Last but not least, en cette circonstance, je te signale que Rodolphe Désiré aurait pu se faire élire dès 1970 s’il l’avait souhaité, n’importe où à Fort-de-France. Entre autres, chez toi, Bô Kan-nal ou à Terres-Sainville quand Césaire et le Dr Aliker ont décidé de se retirer du Conseil Général. Césaire lui demandait de lui succéder sur le canton  de Rive Droite que, pour des raisons politiques autant que pour des raisons de santé, il souhaitait laisser à un candidat plus jeune. Rodolphe a préféré laisser ce canton à un candidat foyalais, Arthur Régis, pour se lancer dans un travail plus ingrat, celui de l’implantation du Parti en dehors de Fort de France, dans cette Martinique rurale  où le parti avait quasiment disparu : au  Prêcheur d’abord dès 1959 avec Auguste Joyau, entre autres parce que le PPM avait préféré investir pour les sénatoriales Georges Marie-Anne, passé au RPR deux ans plus tard, plutôt que seul membre de la direction fédérale du PCF à avoir suivi Césaire en 1956,  puis en 1961 à Saint Joseph avec Émile Maurice, à  Sainte Anne avec Isambert Cléoron, à Bellefontaine  avec Ernest Renard, en 1961,  au Gros-Morne enfin, en 1967, avec la mort d’Aristide Maugée, le beau-frère de Césaire, premier maire progressiste de ce pays en dehors de Fort-de-France
Il fallait beaucoup d’audace et une inaltérable confiance en Césaire et en soi-même pour partir à la reconquête de la Martinique rurale, c’est-à-dire de la Martinique profonde,  par un Parti alors assiégé dans Fort de France par une droite qui n’avait jamais été aussi insolente parce qu’elle n’avait jamais aussi totalement bénéficié du soutien inconditionnel d’un pouvoir colonial arrogant, sûr de lui et dominateur.
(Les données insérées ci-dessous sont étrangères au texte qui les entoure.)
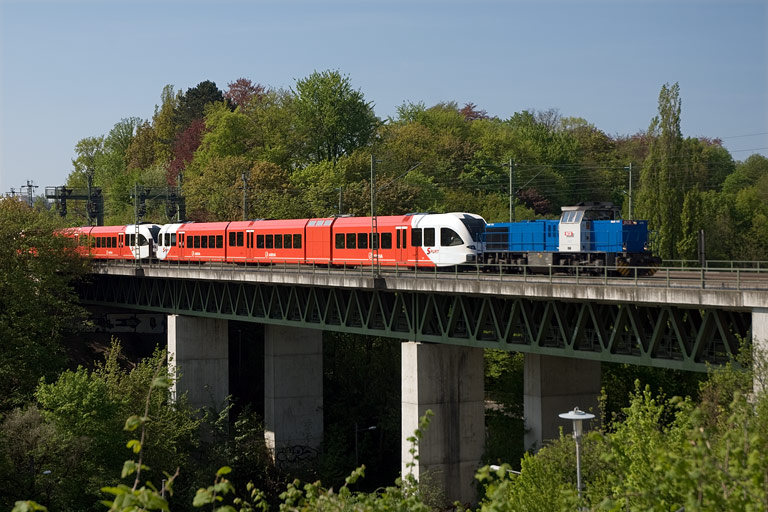BCB 1515 (Baureihe G 1206) mit Arriva Spurt-Triebwagen bei km 14,6 (Mai 2008)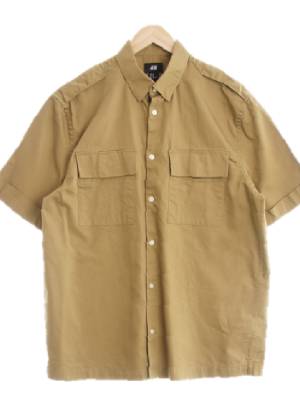 h&m 다크베이지 면 플랩포켓견장반팔셔츠
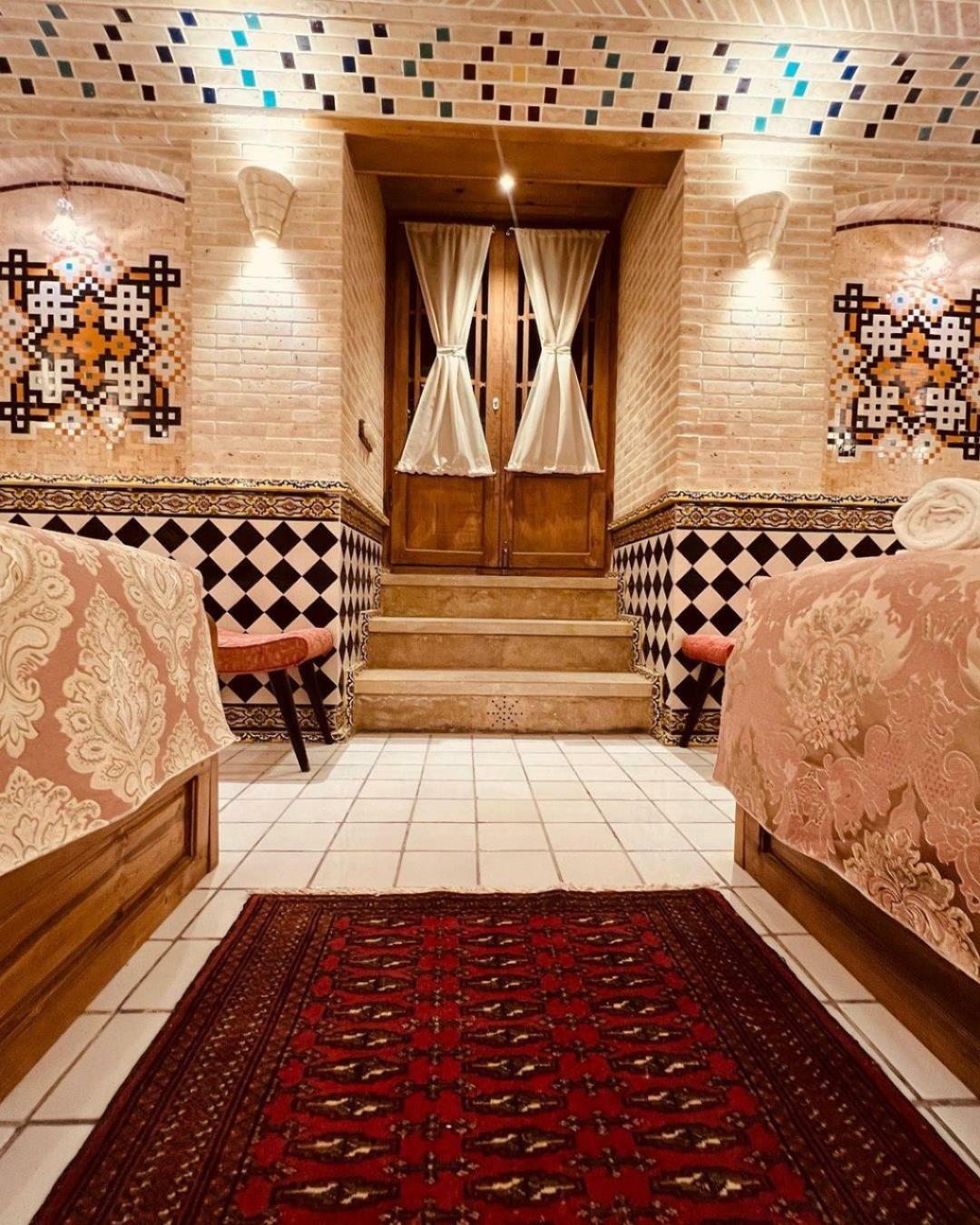 Shams ol-Molouk Boutique Hotel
Rodolphe aura mis 15 et 16 ans à conquérir le premier canton (1982) et la première commune progressistes (1983) de ce pays  en dehors de Fort-de-France et à relancer ainsi l’idée qu’il n’était pas seulement nécessaire mais indispensable et possible de sortir le PPM du ghetto de Fort-de-France. J’ai largement développé ce thème, dans un texte que tu connais, à l’occasion de la préparation du 30e anniversaire du Parti et un an plus tard en lançant notre campagne pour les municipales du Robert. Rodolphe a été l’inspirateur et l’organisateur de la contre-offensive du PPM en direction du monde rural. C’est ce qui en fait le meilleur connaisseur des besoins de nos communes et probablement le plus capable d’en faire le meilleur des élus possibles au Sénat.

C’est dire qu’il faut être singulièrement ignorant de l’histoire des années sombres du PPM (1961-1970), comme des besoins de la période actuelle, ou avoir un singulier mépris de cette histoire pour faire un rapprochement si distant qu’il puisse être entre les conditions d’adhésion de Rodolphe Désiré au Parti en août 1967 et celle du sénateur Larcher  en juillet 2011.
Édouard de Lépine
Le Robert 10/08/2011

[Ce qu’il est amusant de constater, c’est que les deux personnes les plus concernées par ce choix du PPM, à savoir MM. Rodolph Désiré et Serge Letchimy, se taisent…]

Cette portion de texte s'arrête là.